▶ Records provided:
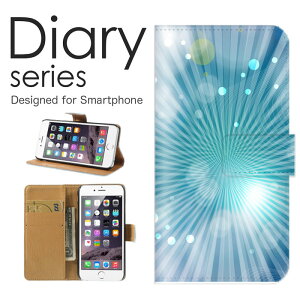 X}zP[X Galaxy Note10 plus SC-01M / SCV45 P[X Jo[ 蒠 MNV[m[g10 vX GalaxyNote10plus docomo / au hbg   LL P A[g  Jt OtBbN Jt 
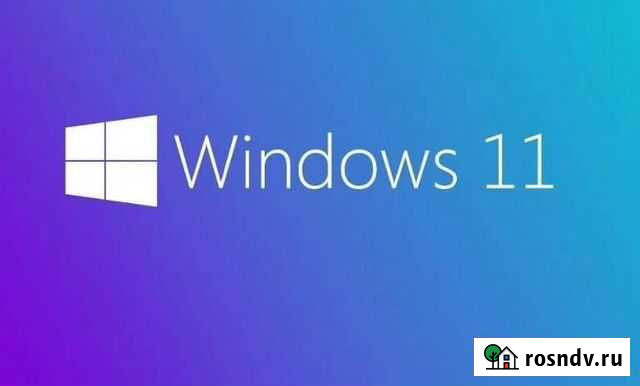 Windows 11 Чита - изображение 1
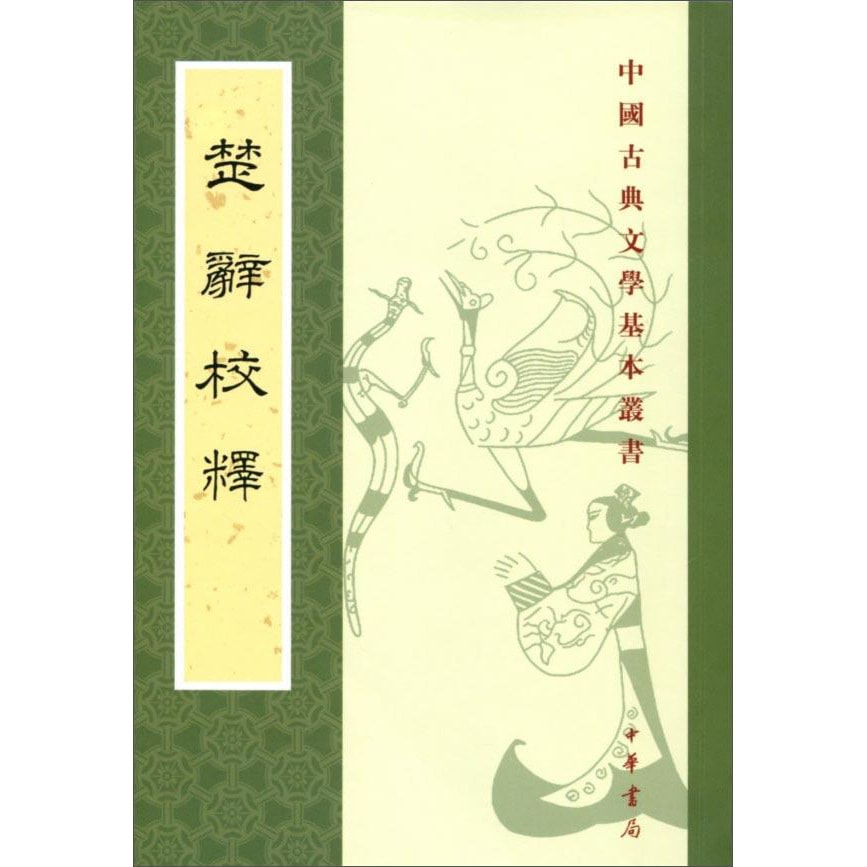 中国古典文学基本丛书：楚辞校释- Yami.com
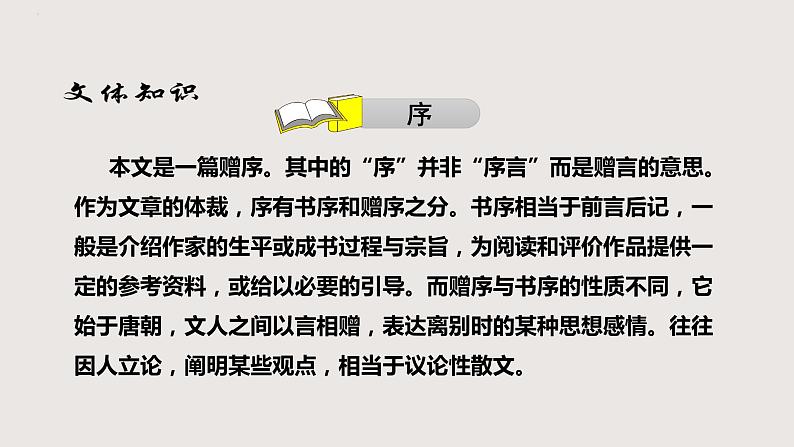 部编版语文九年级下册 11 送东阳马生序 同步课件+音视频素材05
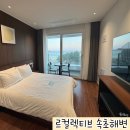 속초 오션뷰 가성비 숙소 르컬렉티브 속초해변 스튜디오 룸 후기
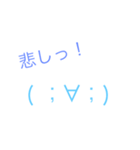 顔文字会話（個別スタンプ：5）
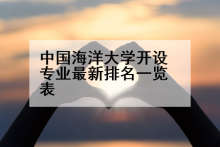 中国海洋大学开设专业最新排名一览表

==

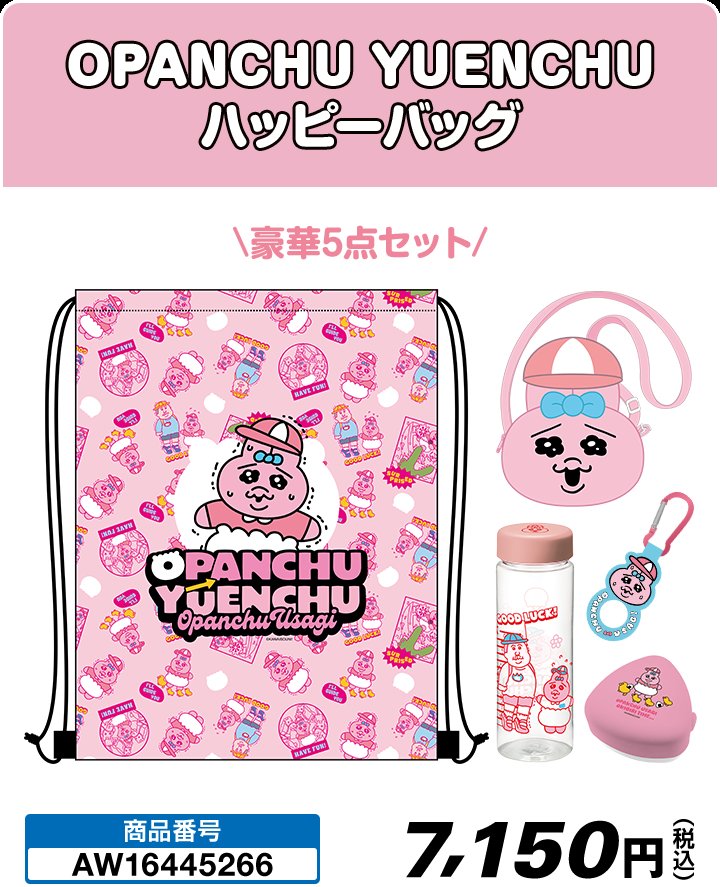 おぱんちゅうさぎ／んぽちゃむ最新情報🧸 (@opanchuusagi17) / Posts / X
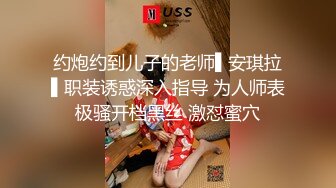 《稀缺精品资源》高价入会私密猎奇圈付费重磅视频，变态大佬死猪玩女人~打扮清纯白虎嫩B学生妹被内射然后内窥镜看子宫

▶ What you need to do:
In the listing above, find the line with "속초 오션뷰 가성비 숙소 르컬렉티브 속초해변 스튜디오 룸 후기" and the line with "中国海洋大学开设专业最新排名一览表". Copy exactly those lines and all between them, minus the images.

▶ Reply to the task:
 속초 오션뷰 가성비 숙소 르컬렉티브 속초해변 스튜디오 룸 후기
 顔文字会話（個別スタンプ：5）
 中国海洋大学开设专业最新排名一览表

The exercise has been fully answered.